5. (Optional) Install pip.
   1. Check whether pip has been installed and whether the access to the pip source is normal. If yes, skip this step.

      pip install numpy

   2. If pip is not installed, run the following commands:

      python -m ensurepip --upgrade
      ln -s /usr/bin/pip3 /usr/bin/pip

   3. Configure the pip source.

      mkdir -p ~/.pip
      vim ~/.pip/pip.conf

      Add the following information to the ~/.pip/pip.conf file:

      [global]
      index-url = http://mirrors.myhuaweicloud.com/pypi/web/simple
      format = columns
      [install]
      trusted-host=mirrors.myhuaweicloud.com

6. Test the RoCE network.
   1. Install CANN Toolkit.
      Check whether CANN Toolkit has been installed on the server. If the version number is displayed, it has been installed.
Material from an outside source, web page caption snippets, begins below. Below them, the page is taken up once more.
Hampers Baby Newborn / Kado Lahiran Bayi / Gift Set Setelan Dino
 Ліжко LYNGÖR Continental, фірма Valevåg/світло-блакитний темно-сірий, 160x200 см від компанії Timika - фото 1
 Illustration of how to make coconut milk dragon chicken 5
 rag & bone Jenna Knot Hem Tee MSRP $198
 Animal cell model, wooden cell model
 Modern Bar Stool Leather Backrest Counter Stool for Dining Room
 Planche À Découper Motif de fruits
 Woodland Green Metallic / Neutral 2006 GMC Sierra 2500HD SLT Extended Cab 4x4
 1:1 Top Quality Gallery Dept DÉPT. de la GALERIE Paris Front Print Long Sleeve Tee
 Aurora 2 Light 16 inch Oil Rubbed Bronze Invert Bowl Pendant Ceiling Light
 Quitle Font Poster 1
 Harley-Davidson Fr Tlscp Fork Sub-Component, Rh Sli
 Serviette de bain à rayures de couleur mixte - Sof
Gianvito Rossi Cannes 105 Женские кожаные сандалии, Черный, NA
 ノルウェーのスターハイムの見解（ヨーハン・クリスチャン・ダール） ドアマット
      cat /usr/local/Ascend/ascend-toolkit/latest/aarch64-linux/ascend_toolkit_install.info

      If it is not installed, obtain the software package from the official website. For common users, download the community edition. For Huawei engineers and channel users, download the commercial edition.

      Install CANN Toolkit. Replace the package name.

      chmod 700 *.run
      ./Ascend-cann-toolkit_6.3.RC2_linux-aarch64.run --full --install-for-all

   2. Install mpich-3.2.1.tar.gz.
      Click here to download the package and run the following commands to install it:

      mkdir -p /home/mpich
      mv /root/mpich-3.2.1.tar.gz /home/
      cd /home/;tar -zxvf mpich-3.2.1.tar.gz
      cd /home/mpich-3.2.1
      ./configure --prefix=/home/mpich --disable-fortran
      make && make install

   3. Set environment variables and compile the HCCL operator.

      export PATH=/home/mpich/bin:$PATH
      cd /usr/local/Ascend/ascend-toolkit/latest/tools/hccl_test
      export LD_LIBRARY_PATH=/home/mpich/lib/:/usr/local/Ascend/ascend-toolkit/latest/lib64:$LD_LIBRARY_PATH
      make MPI_HOME=/home/mpich ASCEND_DIR=/usr/local/Ascend/ascend-toolkit/latest

      After the operator is compiled, the following information is displayed.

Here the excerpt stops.